Issues of the publication were withheld from inmates who had subscriptions.

Prison Legal News is available to read in PDF format online.

Prison Legal News, a 72-page prisoners’ rights magazine that is distributed monthly to people who are incarcerated, filed a lawsuit against the Arizona Department of Corrections, alleging that prison officials intentionally withheld copies of the magazine from 97 inmates with subscriptions. Department officials said they removed the March, April, July, and October editions of the magazine in 2014 because it contained material about “riots/work stoppages/resistance” and “unacceptable sexual or hostile behaviors” as well as material they deemed “sexually explicit.”


Department officials did not specify which articles they found offensive.

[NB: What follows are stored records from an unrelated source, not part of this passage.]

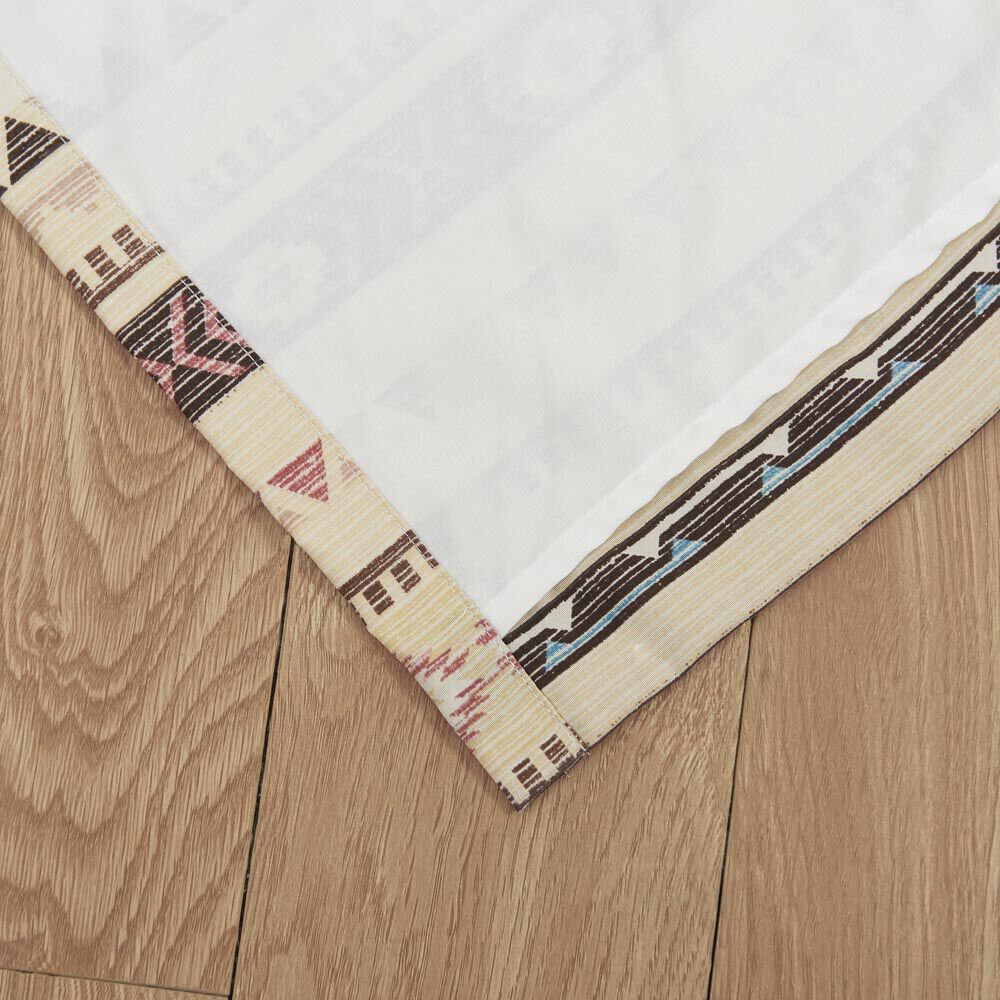 Phoenix Window Valance Curtains, Tan, TAN, on-hover image number 1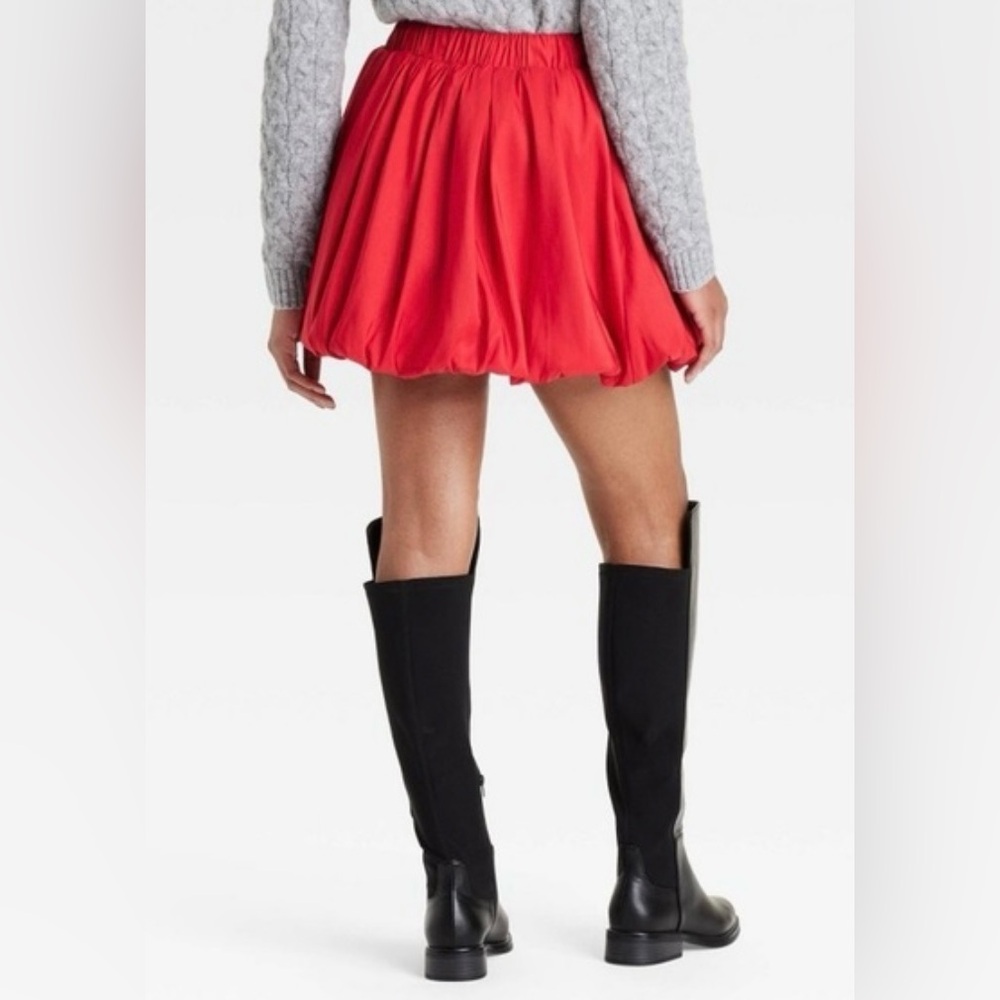 NWT a new day Red Bubble Mini Skirt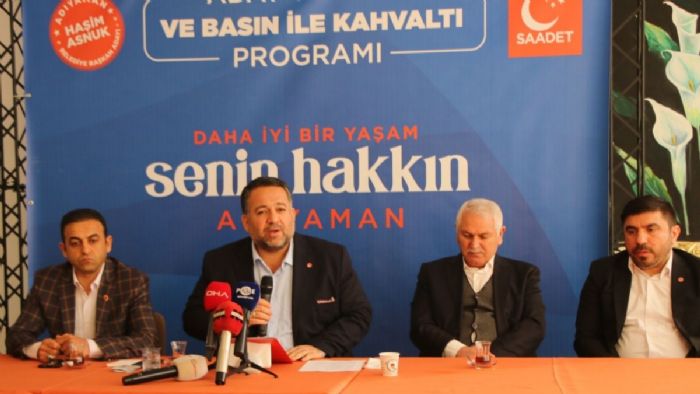 Saadet Partisi Belediye Bakan Aday Haim Asnuk: zm iin varz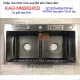 Chậu rửa inox sus304 phủ NANO đen KAG-NNB8245D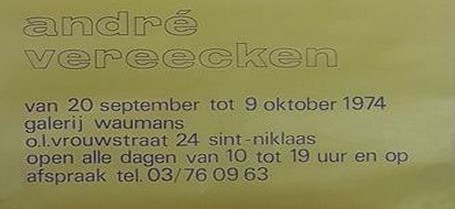 1974, Galerij Waumans, Sint-Niklaas 
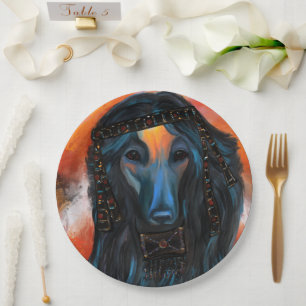 Afghan Hound Paper Plate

The editors of Prison Legal News suspect they were being censored for articles they published about inmates who had been abused or raped by prison employees, including one case that happened in Arizona.

“The issues contained articles that had textual descriptions only, no photographs, no pictures, of either pending lawsuits or court opinions that the inmates could get from their law library about cases that involve nonconsensual sex in incarcerated areas,”' said Lisa Ellis, an attorney representing Prison Legal News, to Capitol Media Servies. When the prisoners were finally given their issues, portions of the magazine had been redacted.

According to the suit, Prison Legal News, which is published by a nonprofit called the Human Rights Defense Center and has been in circulation since 1990, is distributed to subscribers in 2,600 state and federal institutions around the country.